Quiet walks through pine, oak and horse-chestnut trees, leisurely lunches and the opportunity to lose ourselves in rapt admiration of old fashioned buildings with gabled roofs and wooden balconies on the Upper and Lower Mall the two main streets that run right through the town prove to be the most strenuous activities of our time spent here.
With all the usual associations and activities of tourist travel stripped away, the absence of external distraction allows our mind to notice, appreciate and revel in the small details, the little ironies. For instance, the view of the mountains at dusk is quite mindboggling. They look intensely blue; the way mountains sometimes paintings.
At first we assume that only dead objects, like the lofty Christ Church, the oldest church in Himachal Pradesh, having been built in 1853, will be welcoming of our photographic overtures. But soon it is clear that the mountain folk are eager to be part of the pictures we make. In the vibrant Kasauli market the shoe-seller insists his picture be taken with the devi in the background. The cloth vendor reclining on the pile of material he has for sale, twirls his fingers through his gelled hair in an attempt to be captured on camera in the most flattering manner possible. The barber who specialises in a product called Ceramic Hair, doles out advice on the best trails to take.
Gilbert’s Trail, past the old Kasauli club, is among the most scenic, eclectic with life and colour. The smell of pine hangs in the air, sweet and heavy. Humming birds, flycatchers, minuets and magpies croon liltingly above. I stand very still listening to the brook babble beneath my feet, watching the picture the branches make against the fleecy blue sky and for these few minutes, feel completely one with life.
Signs of a kind
As we walk along, we come across signs to leave the crisp, bracing countryside as we find it. They read, " Singapore = fine for littering = clean countryside, India = no fine = countryside clogged with litter, Kasauli = Rs 2500/- for littering, so beware!"
We hike up to Sanawar Hill. This hill is as famous for Lawrence’s School, a public institution founded by Sir Henry Lawrence, as it is for the horse-chestunt lemony blossoms, ivory bell shaped flowers and wild cacti along the way. The climb ends, as all good walks ought, with a jolly good meal in Dharampur, at Gianiji’s famous dhaba that serves giant helpings of dal makhani and hot-from-the-tandoor rotis.
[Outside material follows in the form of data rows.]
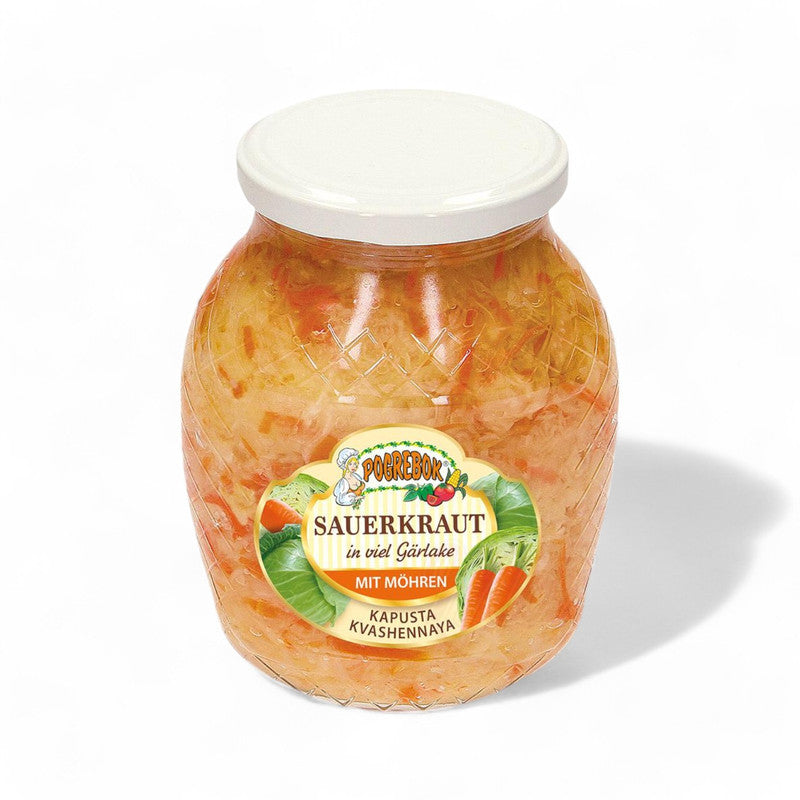 Pogrebok Pickled White Cabbage With Carrots In Brine 840Gr - Eden's Market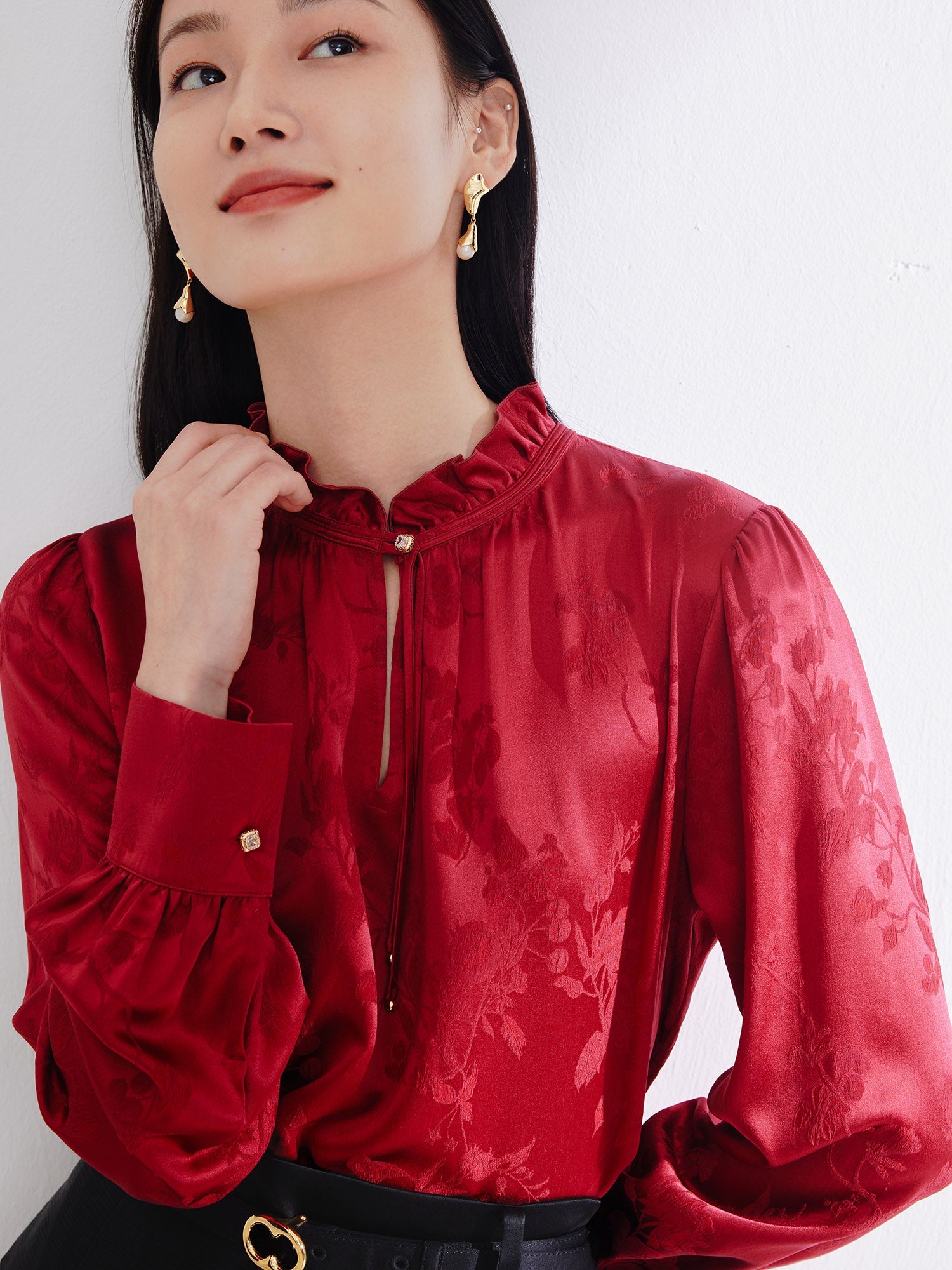 Silk Printed Shirt | Wine Red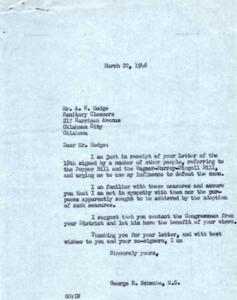 Correspondence Regarding Opposition to the Pepper Bill and the Wagner-Murray-Dingell Bill, 1946-03-22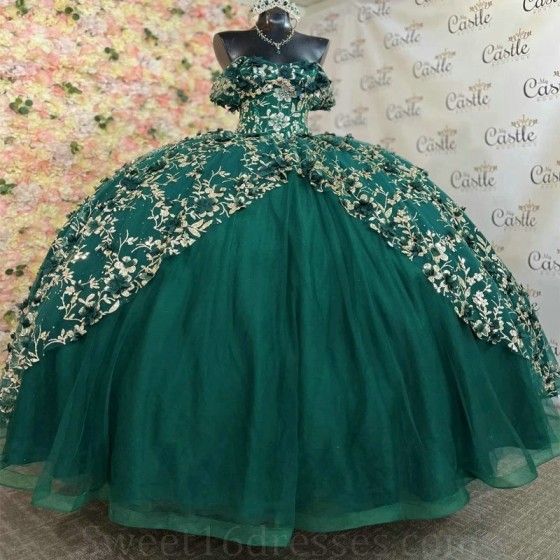 Sparkly Princess Green Off Shoulder Quinceanera Dresses Sweetheart Gold Lace Applique Sweet 16 Ball Gown Vestidos De 15 Anos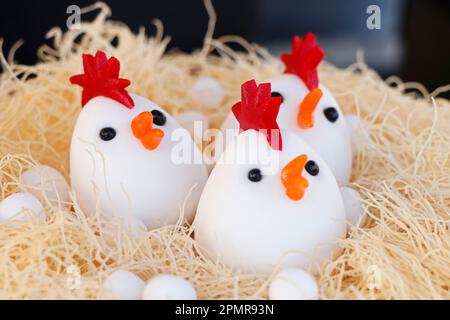 marzipan art chicken cake dessert, easter speciality Stock Photo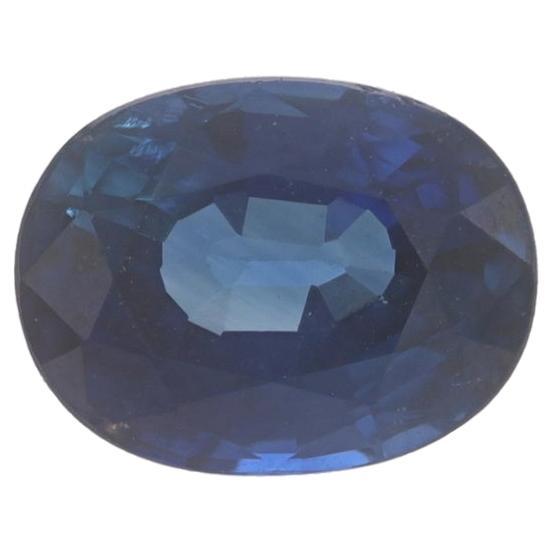 Saphir libre ovale solitaire bleu 1,84 carat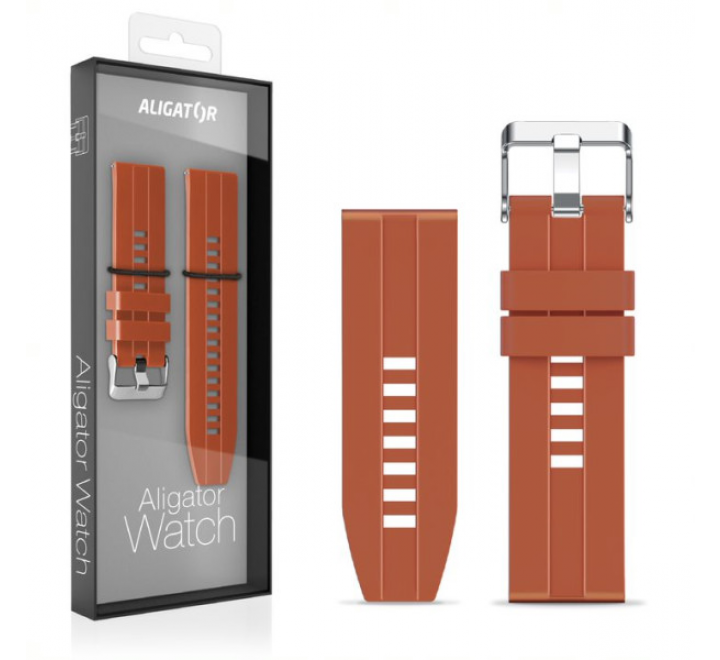 Náhradní silikonový řemínek pro Aligator Watch Pro a Aligator Watch Pro X 22mm, cihlový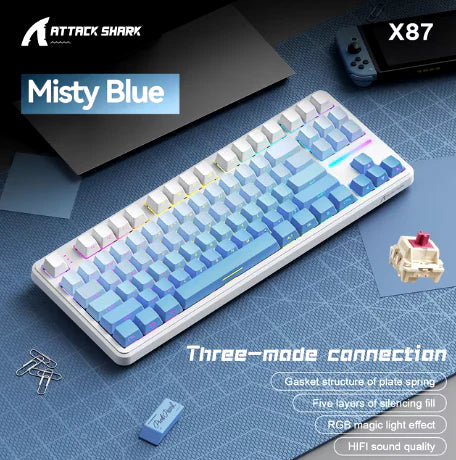 Attack Shark X87 Wireless Gaming Keyboard – RGB, Hot Swap, Misty Blue – Best Price in Pakistan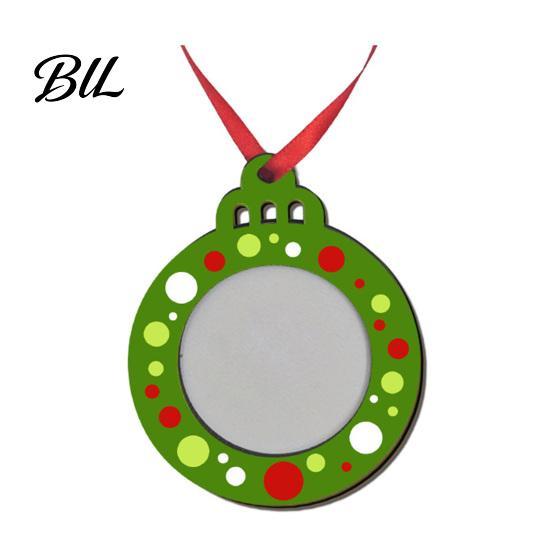 Rustic Solid Wood Keepsake Christmas Pictures Frame Hanging Ornaments, Wooden Red Green White Dots Photo Pendants, Holiday Gift for Family Mini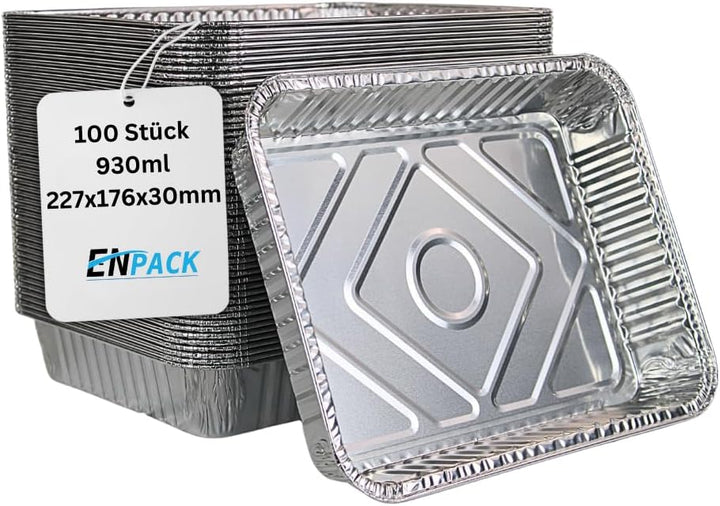 Enpack Aluschale R879-930G - 100 Stück Alu Grillschalen 226x176x30 mm - Feuerfeste Aluschalen 1000ml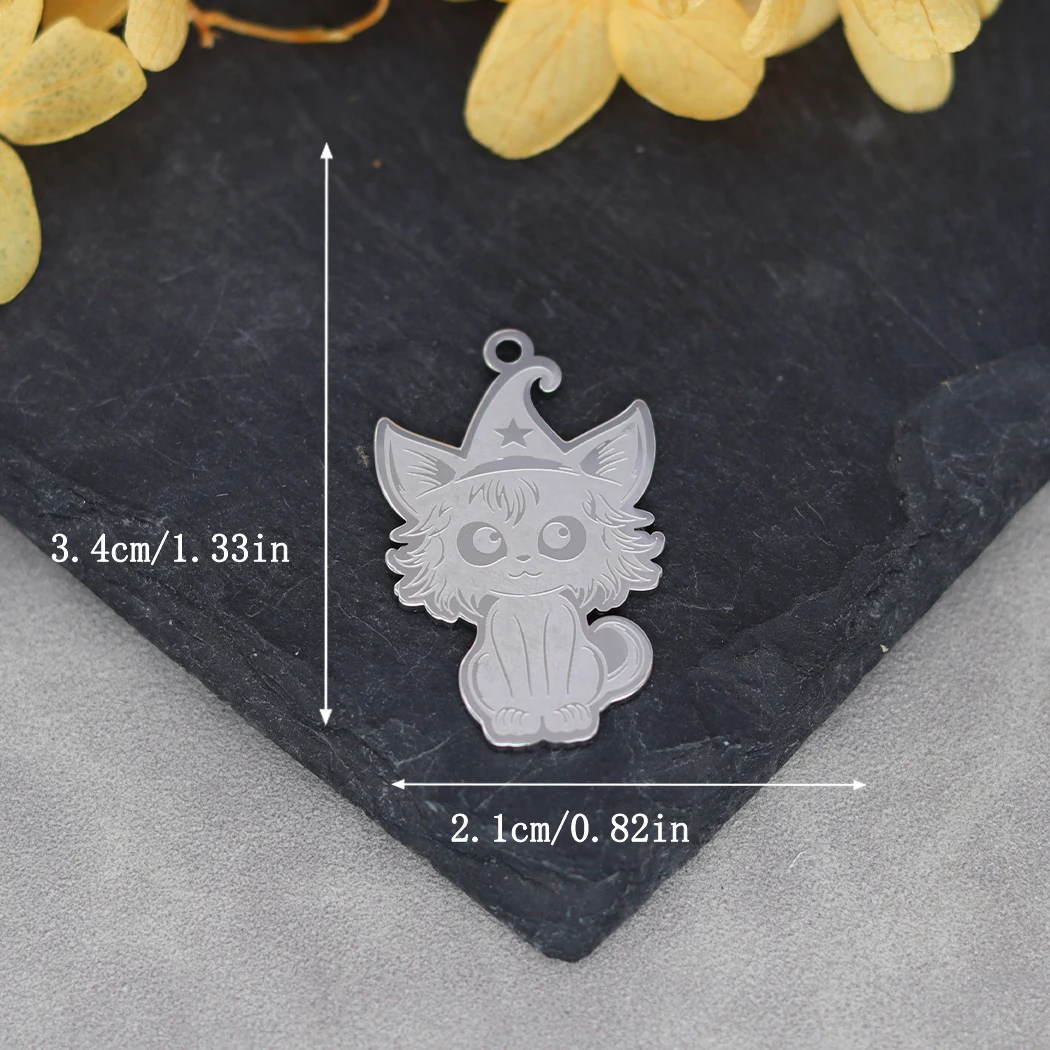 2 шт. подвеска в виде котенка из нержавеющей стали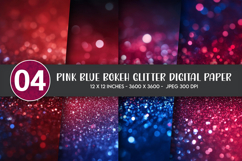 Pink Blue Bokeh Glitter Digital Paper Product Image 1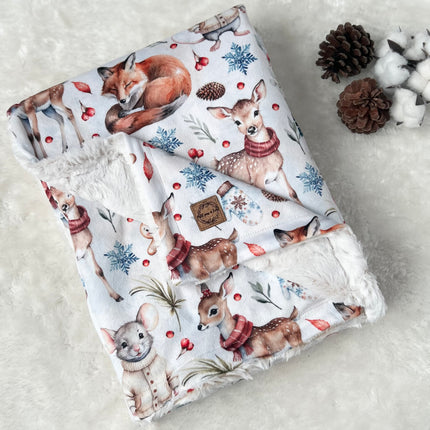 Couverture minky / fourrure - Petits animaux d’hiver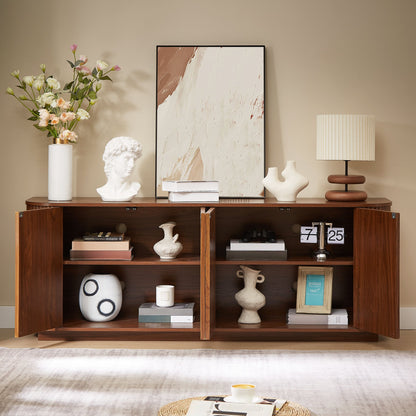 Sideboard Storage Cabinet TV Stand with wave pattern Buffet Cabinet Wooden Vertical Striped Cabinet for Kitchen/Bedroom/Entryway. Walnut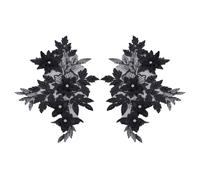 HOBBIESAY 1 paio di applique in pizzo con fiori neri 3D ricami floreali con strass perline floreali da cucire toppe per donne abiti da sposa abito corpetto costume abbigliamento artigianato fai da te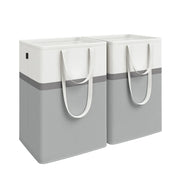 Set di 2 cesti portabiancheria pieghevoli sacchi portabiancheria da 75 litri con manici corti e lunghi facili da trasportare e pulire autoportanti grigio ardesia 12_0006243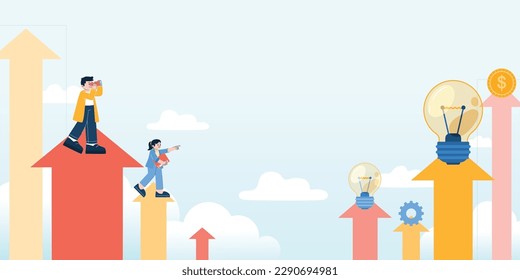 Businessman And Businesswoman Team Looking For Creative Idea On Top Of Arrow, Light Bub, Vector, Illustration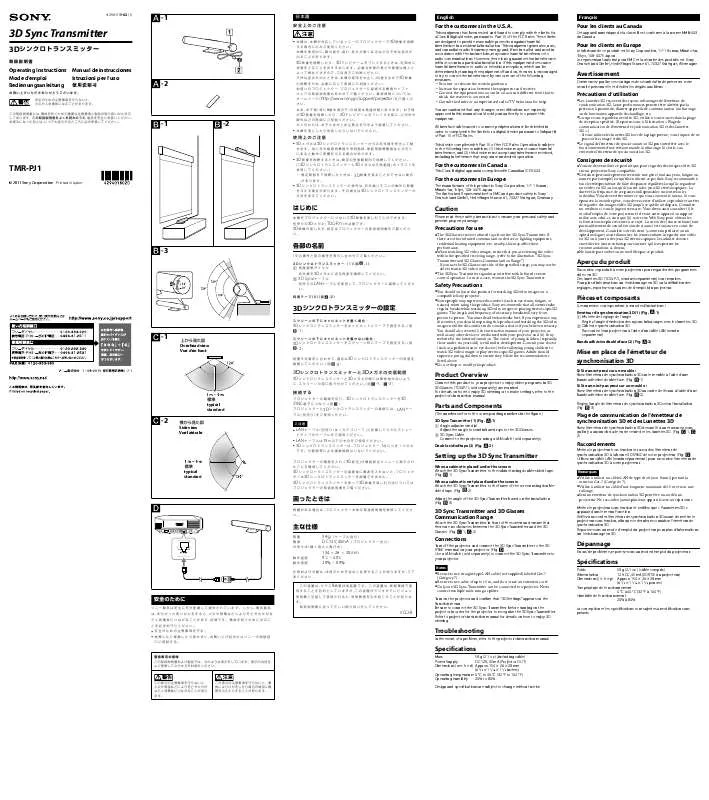 Mode d'emploi SONY TMR-PJ1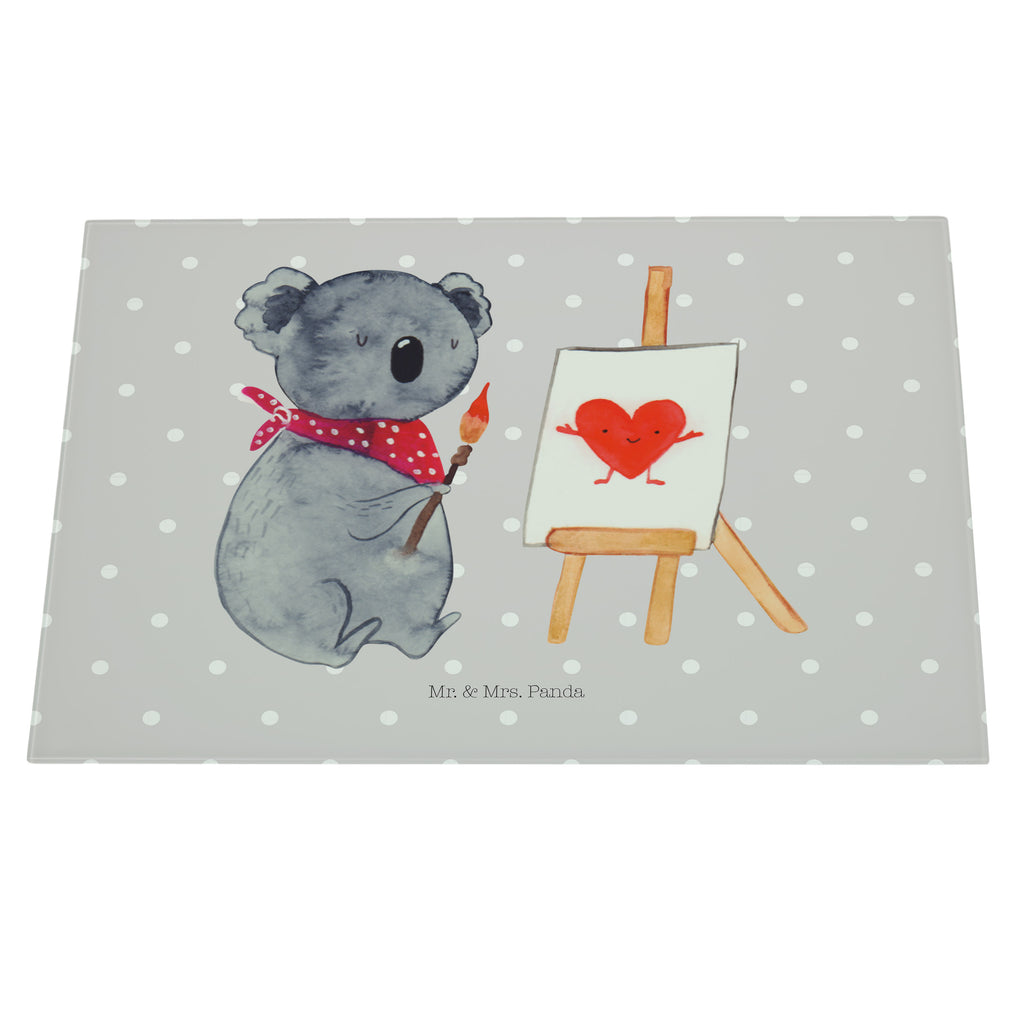 XL Glas Schneidbrett Koala Künstler Glasschneidebrett, Schneidebrett, Frühstücksbrett, Küche, Koala, Koalabär, Liebe, Liebensbeweis, Liebesgeschenk, Gefühle, Künstler, zeichnen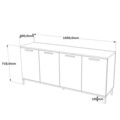 Consola, Locelso, RL4-AA, 160x71.8x40 cm, Pin Atlantic / Antracit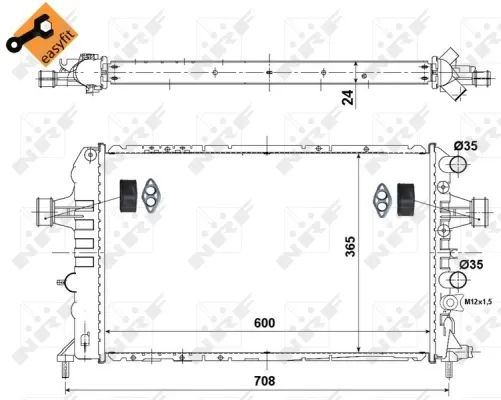 Radiador de esfriamento de motor 58355 NRF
Then evening descends and stretches before us like an unbroken desert. We check off our to-do list. We’ve taken the walk to Monkey Point the highest lookout in town, drunk chai with the real estate-dealer who walks his Saint Bernard dog up the mall, admired Khushwant Singh’s home in this writer’s paradise of a town, bought fruit wines and apple-mintginger jams to take to the folks back home, eaten caramel custard at restaurants as fading as the Raj. All that remains, now that there is nothing left to do, is to plummet forth into an unbroken, unbusy expanse of time.